A financial institution on the east coast was fined $368,000 this August for money laundering violations.

The fact that it had been fined for criminal charges was not the worst of the story, reported in the August 1 American Banker. Worse than the fine in 1990 was the fact that in 1986 the bank in question had been warned and cited for instances of having improperly exempted transactions from reporting.

But between 1986 and 1990 it had taken no action toward remedying what Treasury called "a woefully inadequate Bank Secrecy Act compliance program which led to a number of violations and created a situation ripe for money laundering."

Many other financial institutions have been fined hundreds of thousands of dollars for the same offense during the past year. How can it be that in 1990 there still exists any institution that is not aware of the exposure and vulnerability to money laundering and takes no action to protect itself?

The Bank Administration Institute conducted a poll which indicated that the majority of financial institution managers consider training a critical issue over the next two years.
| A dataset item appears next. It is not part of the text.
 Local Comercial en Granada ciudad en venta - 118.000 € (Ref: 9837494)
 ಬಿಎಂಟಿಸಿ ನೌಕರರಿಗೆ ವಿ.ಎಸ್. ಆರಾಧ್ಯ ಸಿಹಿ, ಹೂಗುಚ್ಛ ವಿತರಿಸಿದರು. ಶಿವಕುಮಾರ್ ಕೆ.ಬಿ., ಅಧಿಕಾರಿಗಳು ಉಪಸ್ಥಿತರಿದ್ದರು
However, many institutions (close to half, according to the survey) do not have formal training programs.

There are certain areas where training is not only advisable, it is also mandatory, according to the law of the land. Three of these areas are:

Regulation CC (any employees who have any responsibility in the availability of funds must be informed of the law and the regulation)

The Bank Protection Act (which requires training in case of robbery, among other requirements) and

The Bank Secrecy Act (including the Drug Abuse Act, Money Laundering and currency transaction reporting.)

These training requirements are not new, and should be familiar to every banker. However, in the banking industry where mergers, job shifts, lay-offs and the importing of management from other industries is common, the basic requirements are often overlooked.

Sometimes, the required training is pushed down the list of priorities-replaced by cross selling training, or product knowledge training. These programs are often expensive and time consuming. The responsibility of the required training is then relegated to "on-the-job" training.

A call came into this office one day from a small institution that wanted a loss prevention program for their tellers. The Security Officer explained that he wanted to make tentative plans for the session, but we had to wait until the sales promotion was over. They had a bonus program going for new accounts at the time, and management didn't want to complicate the image of selling by "cluttering up the minds of the customer service reps and the tellers with things like identification and verification!" We could tell there was considerable conflict between the Security Officer and the Marketing Officer!

Much to their dismay, the loss prevention training was too late. By the time we scheduled the seminar, they had opened several fraudulent accounts and a kiting scheme cost them over $300,000. The information on the new accounts application was easily discernable to an experienced, trained new accounts representative as being fraudulent. The loss could have been prevented by the proper training of new accounts personnel.

Marketing and Security need to sit down together and discuss priorities. They can be too costly to ignore!